**INSTRUCTIONS FOR THE TASK:** Leave the pictures out and repeat the rest of the data below exactly.

**DATASET EXTRACT:**

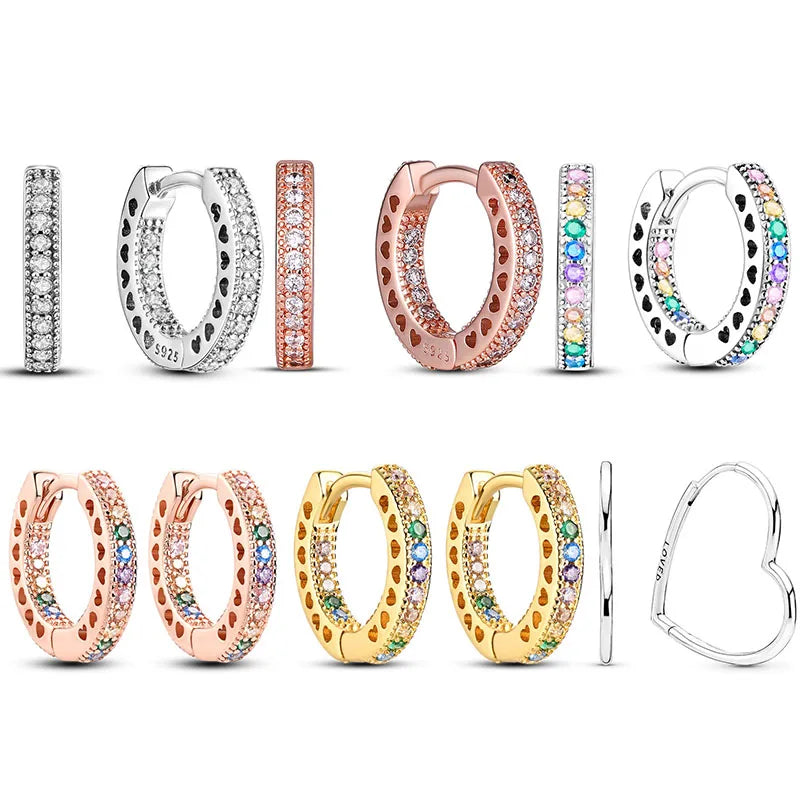 925 Sterling Silver Pavé Heart Hoop Earrings Double Hoop Studs Women Engagement Jewelry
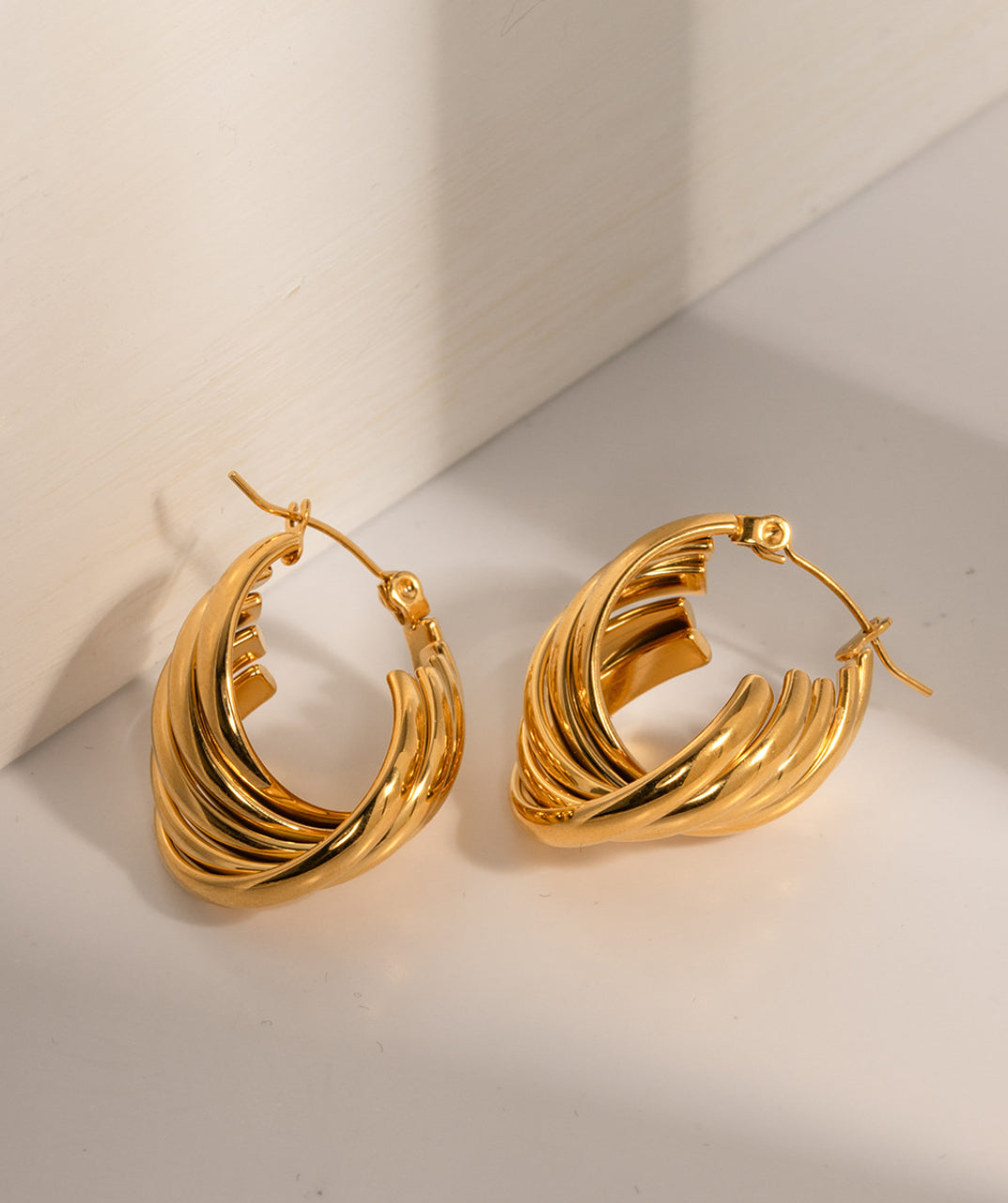 Line Design Hoop Earrings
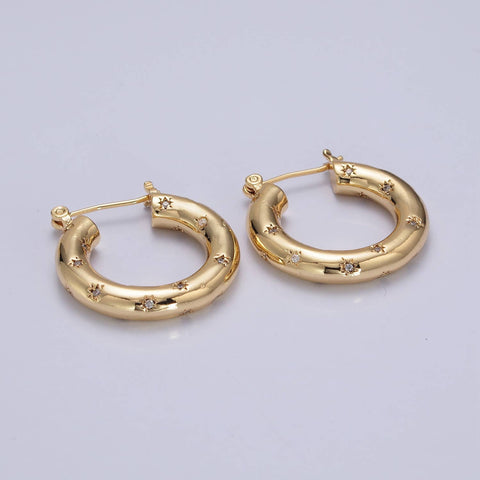 Gold Star Hoop Earring Stardust Earring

**RESULT OF THIS TASK:**
 925 Sterling Silver Pavé Heart Hoop Earrings Double Hoop Studs Women Engagement Jewelry
 Line Design Hoop Earrings
 Gold Star Hoop Earring Stardust Earring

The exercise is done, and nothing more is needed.